As mourning church bells tolled throughout the nation, cannons fired in final salute outside Copenhagen’s Christiansborg Palace Church on Tuesday morning.
Sixty carefully chosen guests attended the controversial royal‘s intimate 45-minute funeral service.
Although an occasionally divisive figure, the prince’s death has united the Scandinavian country’s population in support of his 77-year-old widow Queen Margrethe II, who was in tears during the ceremony, and their elder son Crown Prince Frederik, 49.
In recent years, the prince has made headlines for his displeasure with the title he was given in the Danish royal family. Married to Queen Margrethe, he is a prince consort, not a king, as is traditional for men married to female monarchs. However, Henrik thought that this was unfair, and even cried gender discrimination, and that he should have the title of King Consort.
In August 2017, Henrik said he refused to be buried next to his wife when his time comes, in a designed-just-for-them sarcophagus at Roskilde Cathedral in Denmark.
“If she wants to bury me with her, she must make me a king consort,” he told Se og Hør. “Finished. I do not care.”
More than 19,000 members of the public filed past his closed coffin during the past three days, as it lay within a castrum doloris, the catafalque guarded by representatives of Denmark’s Air Force, Army, Navy and Civil Defence.
Following a memorial service commemorating Prince Henrik’s life on Monday night, the royal family hosted a palace reception for some 200 friends and courtiers — where they were joined by the prince’s three dachshunds, Nelly, Tilla and Helike.

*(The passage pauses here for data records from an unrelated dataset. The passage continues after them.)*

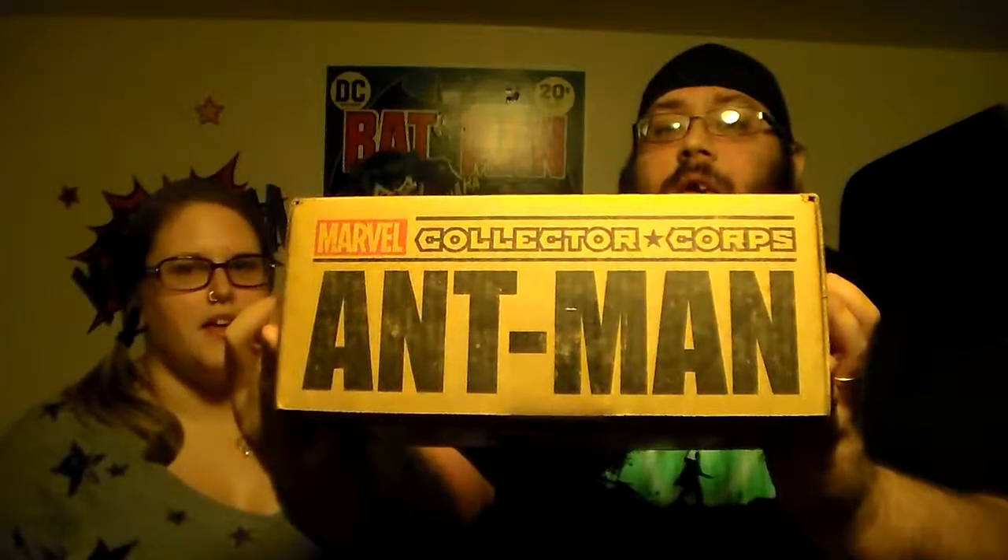We have no idea what's in this one. Collector Corps box two — Ant-Man. Now compared to the first Collector Corps box, which I did not do a video on, this one is considerably smaller. The Hulkbuster was in the last one along with a bunch of other cool stuff, but everything in this box is exclusive to Marvel — nothing available anywhere else. So the money I pay for it is worth it. Let's switch the shot and open these two boxes.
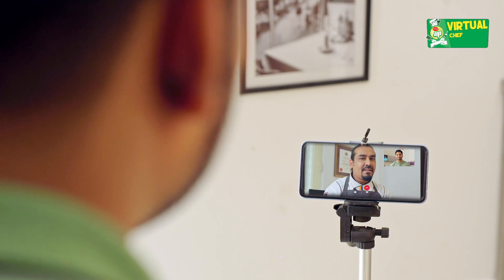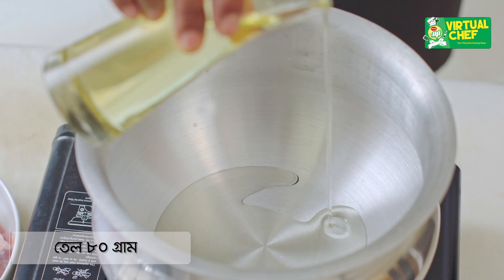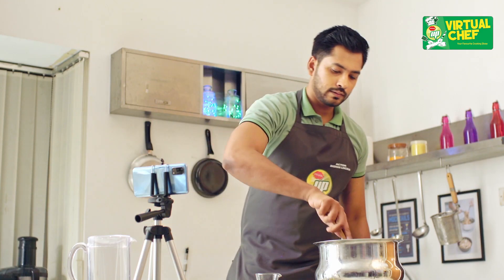So let's start. About 5 tablespoons of garlic paste.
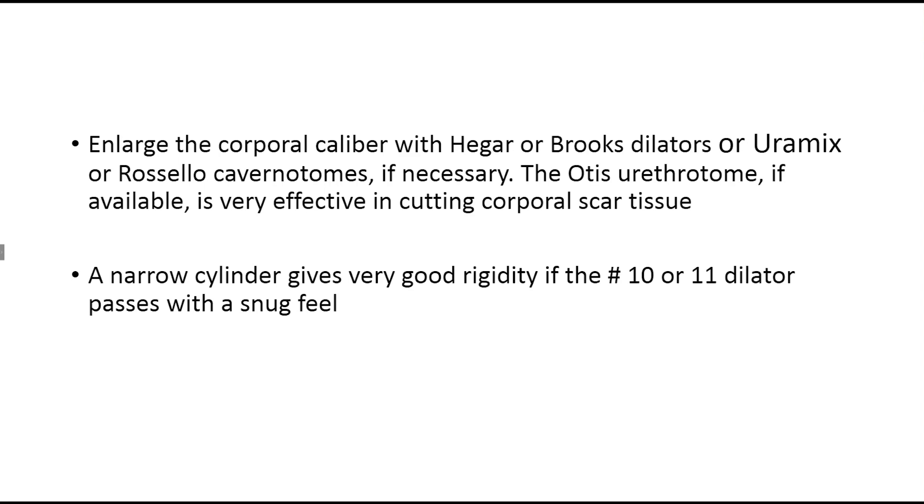The Otis urethrotome has two limbs which are separated by turning the proximal wheel. The outer limb has a groove for a blade, and when the limbs are separated adequately so the blade is taut against the scar tissue, the knife blade is pulled sharply through the groove, cutting into the scar tissue. Two or three cuts of the Otis will broaden the caliber of the corporal body significantly. You make one cut, rotate the urethrotome about 15 degrees, make a second cut, if necessary a third cut — always cutting away from the corpus spongiosum. Each cut will gain you access of one additional Hagar dilator size in caliber.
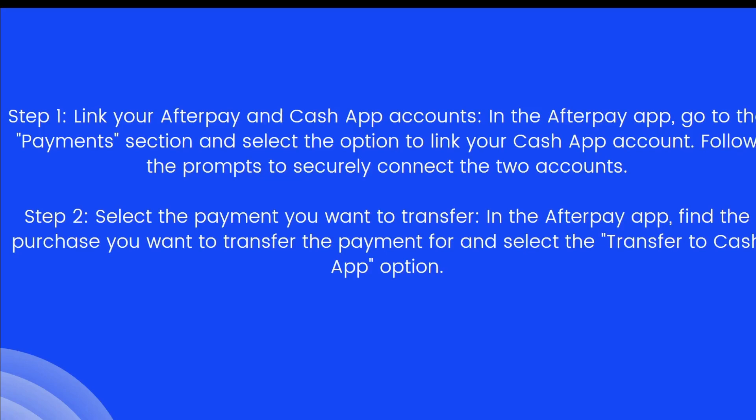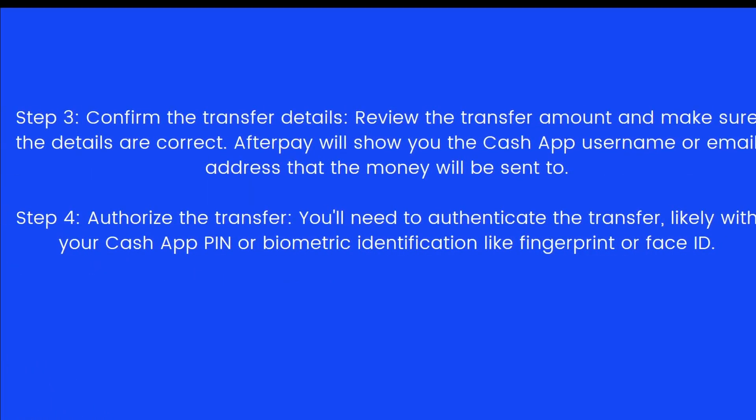The next step is to select the payment you want to transfer. In the Afterpay app, find the purchase you want to transfer the payment for and select the 'Transfer to Cash App' option.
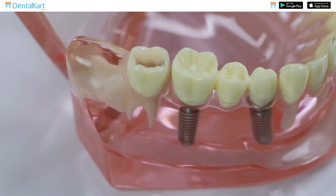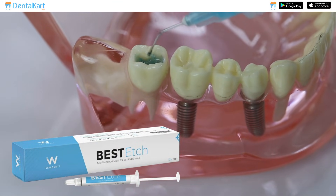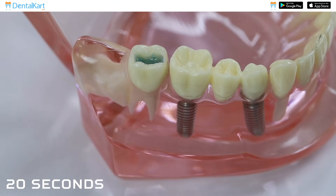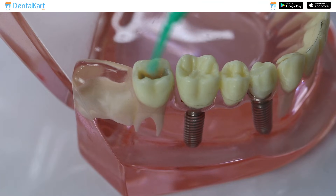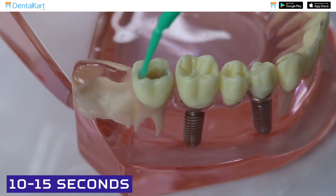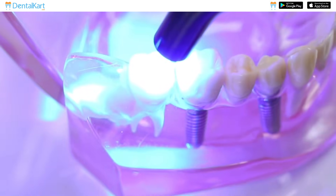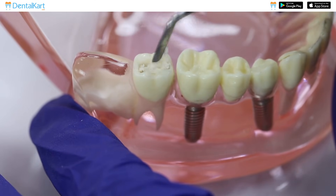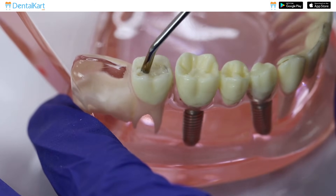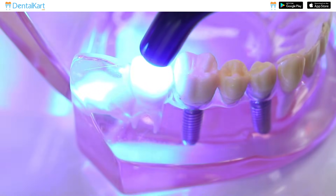Prepare the cavity and dry the surface. Etch the tooth surface with Walden Best H, 37% phosphoric acid, for 20 seconds. Wash thoroughly and dry it completely with a 3-way syringe. With the help of an applicating tip, apply Nanobond on the prepared surface. Gently blow away excess bonding agent with a 3-way syringe. Light cure the Nanobond for 20 seconds. Now place Walden Nanofill Zirconium Composite in increments of 2 mm or less, and cure each increment for 20 seconds.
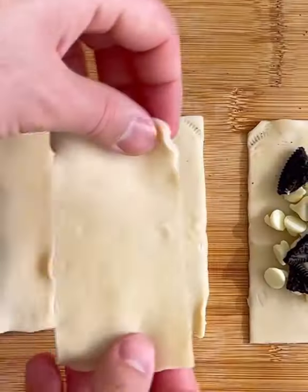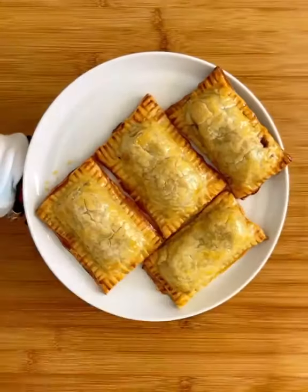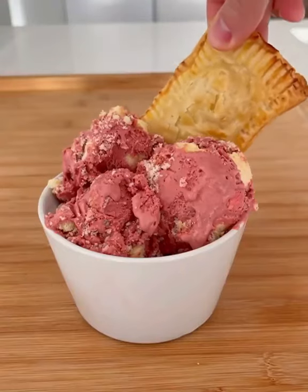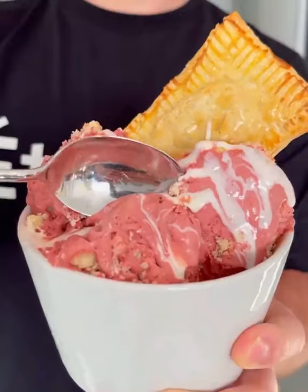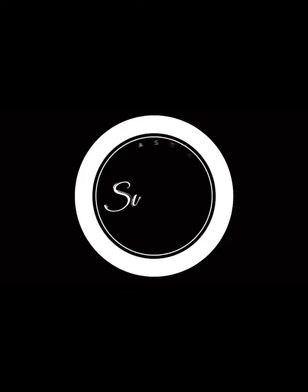Valentine's red velvet pop-tart sundae — look at that! Pie crust pop-tarts filled with white chocolate and Oreo, then baked and served with homemade red velvet pound cake ice cream, with marshmallow on top. Try it out at home and swipe for the red velvet ice cream recipe. Cheers!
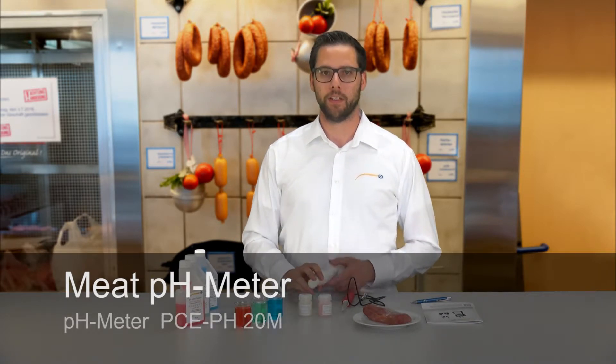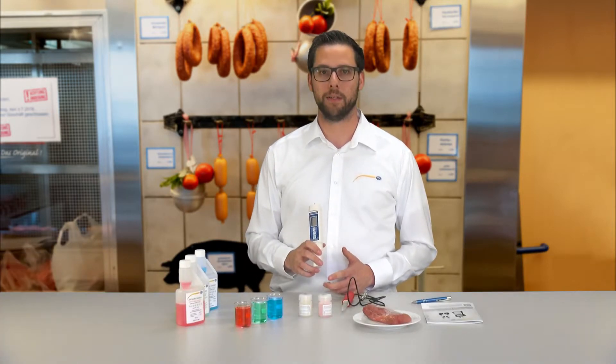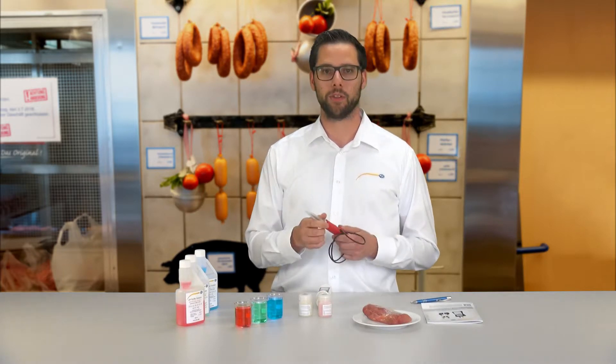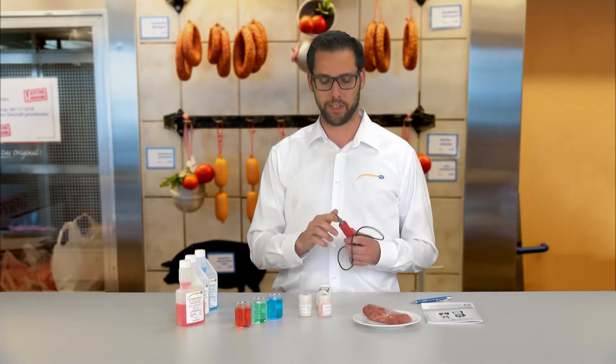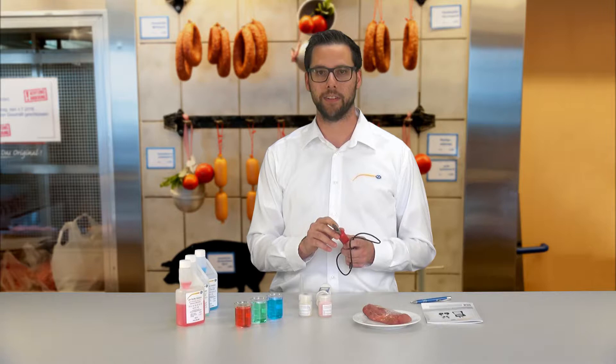The PCE PH20M is delivered with this basic unit and a special electrode for foods. This electrode is characterized through the stainless steel blade where the electrode sits in, which makes it possible to insert into solids without damaging the glass.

Doctors diagnosed Henrik with pneumonia at the end of January while he was traveling in Egypt. He was hurriedly transported back to Copenhagen, where tests revealed a tumor in his left lung. Although a biopsy confirmed it was benign, he contracted an infection, and his condition had “greatly worsened.”
The palace said that the family was respecting his wish not to be buried in a tomb prepared for him and Margrethe in Roskilde Cathedral. Instead, his ashes are due to be scattered later this month: half within the precincts of Fredensborg Palace, where he died on February 13 at the age of 83, surrounded by his wife and family.
Reflecting his life-long love of sailing, the remainder will be scattered within Danish waters to the open sea.